Haloperidol is frequently used to treat behavioral disturbances and psychoses in patients with developmental disorders. Risperidone and all of the newer agents have milder EPS profiles, which may constitute an important advantage for patients who often have difficulty describing their inner experiences. Vanden Borre and colleagues[66] administered risperidone (4-12mg) or placebo to 37 patients with behavioral disturbances. The patients treated with risperidone had significantly greater improvement in aberrant behaviors than did placebo controls.

Risperidone (1 or 2mg/day) may be particularly useful for patients with dementia because it causes less EPS than other high-potency drugs. Several open-label studies have confirmed this efficacy.[67,68,69] In addition, it is less sedating and causes fewer anticholinergic effects than do lower-potency drugs. This is advantageous because anticholinergic activity can worsen cognitive status. Patients should, however, be carefully observed for orthostatic hypotension.

Risperidone is associated with dose-related EPS (Table III). As noted previously, the severity of EPS is often minimal in risperidone's therapeutic range. As a result of its alpha-adrenergic activity, risperidone also causes orthostatic hypotension and reflex tachycardia. Thus, risperidone should be started at low doses--for example 0.5mg--in elderly patients.
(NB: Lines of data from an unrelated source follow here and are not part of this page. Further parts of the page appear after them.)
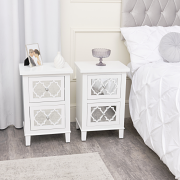 Pair of White Mirrored Bedside Tables - Sabrina White Range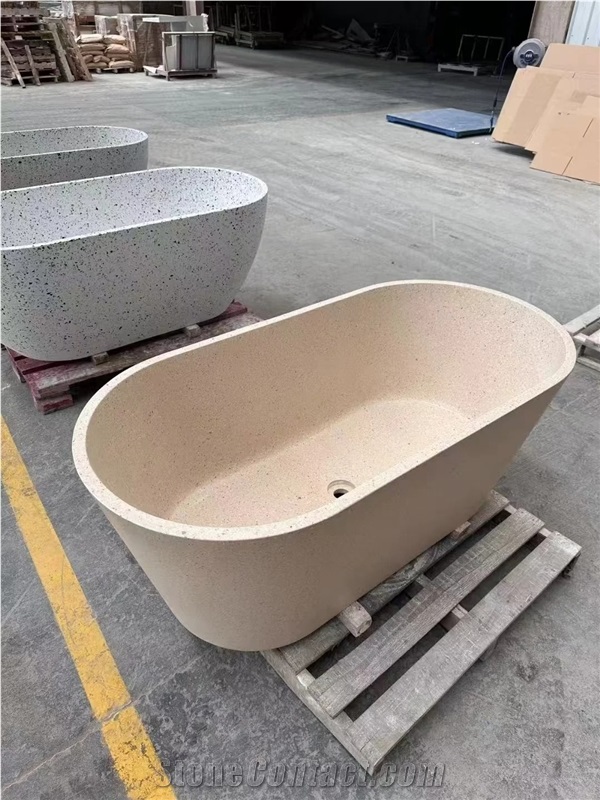HRST Stone Terrazzo Bath Tubs Solid Surface Bath Tub OEM ODM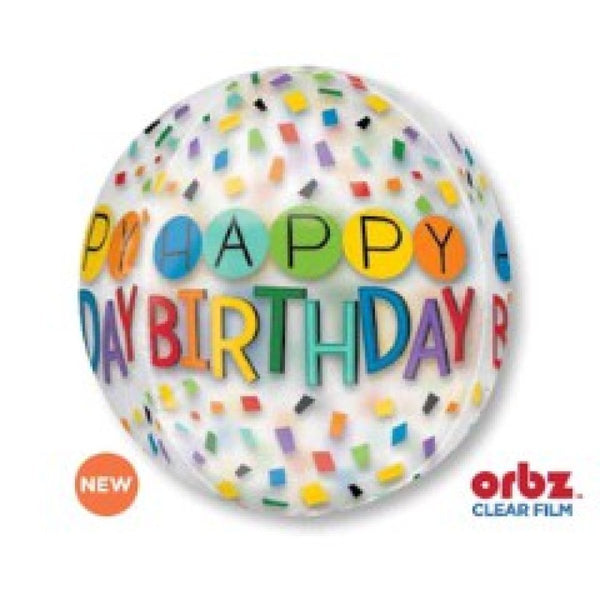 16" Anagram Orbz Rainbow Confetti Birthday Balloon - Everything Party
Other common side effects include sedation, erectile problems in men, weight gain, and decreased sexual interest.[51,52] A number of cases of neuroleptic malignant syndrome have been reported on risperidone.[3,70,71,72] This is not surprising given this drug's substantial antidopaminergic activity. Risperidone also increases plasma prolactin, an effect that can lead to galactorrhea and menstrual disturbances in some women and sexual dysfunction, gynecomastia, and testicular atrophy in men.

The North American trial[52] was the pivotal study that gained risperidone approval for use in the US. It demonstrated that all 4 doses of risperidone used in the trial (2, 6, 10, and 16mg) were more effective than placebo and as effective as haloperidol. However, at 10mg and above, the side-effect profile was similar to haloperidol. Indeed, about as many people needed anticholinergics on 16mg of risperidone (37%) as those receiving haloperidol (47%; Fig. 2).
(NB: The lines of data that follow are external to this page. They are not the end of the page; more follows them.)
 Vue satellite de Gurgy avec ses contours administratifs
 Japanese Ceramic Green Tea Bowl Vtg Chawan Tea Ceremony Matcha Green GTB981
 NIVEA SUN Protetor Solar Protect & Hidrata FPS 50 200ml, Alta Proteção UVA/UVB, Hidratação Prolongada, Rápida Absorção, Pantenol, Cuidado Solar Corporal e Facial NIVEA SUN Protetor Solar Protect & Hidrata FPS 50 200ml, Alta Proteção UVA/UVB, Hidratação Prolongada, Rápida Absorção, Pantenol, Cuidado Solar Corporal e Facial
Clinical efficacy and side effects in patients treated with risperidone, haloperidol, or placebo. EPS=extrapyramidal symptoms. Adapted with permission from Essential Psychopharmacol (1996;1:5-26), Copyright © 1996, The Hatherleigh Company, Ltd.[96]

The most compelling point emphasized by these data is that risperidone should not be dosed to the neuroleptic threshold. The greatest cost/benefit ratio will clearly occur at a dose below that necessary to induce clinically apparent neurotoxicity. Since it is impossible to predict the neuroleptic threshold in a given patient prior to treatment, it is necessary to begin therapy at a low dose and slowly titrate to efficacy, not toxicity. A general guideline is to begin dosing at 1mg bid (0.5mg daily for the elderly) and to slowly titrate by 1-mg increments every 5 to 7 days. Once target symptoms have begun to show a therapeutic response, the titration should be halted. The dose should be increased further only if the ultimate therapeutic effect obtained is inadequate. If demonstrable neurotoxicity (either parkinsonism or akathisia) emerges, the dose should be decreased. This is in marked distinction to the usual pattern with conventional medications, which generally call for the addition of an anti-EPS medication like benztropine or trihexyphenidyl. The most commonly prescribed dose range for chronic schizophrenia is 4 to 6mg. However, some patients can be managed with doses as low as 1mg, while others will require as much as 20mg. Regardless of the necessary optimum risperidone dosage, the guiding concept should be "dose to antipsychotic efficacy below the neuroleptic threshold."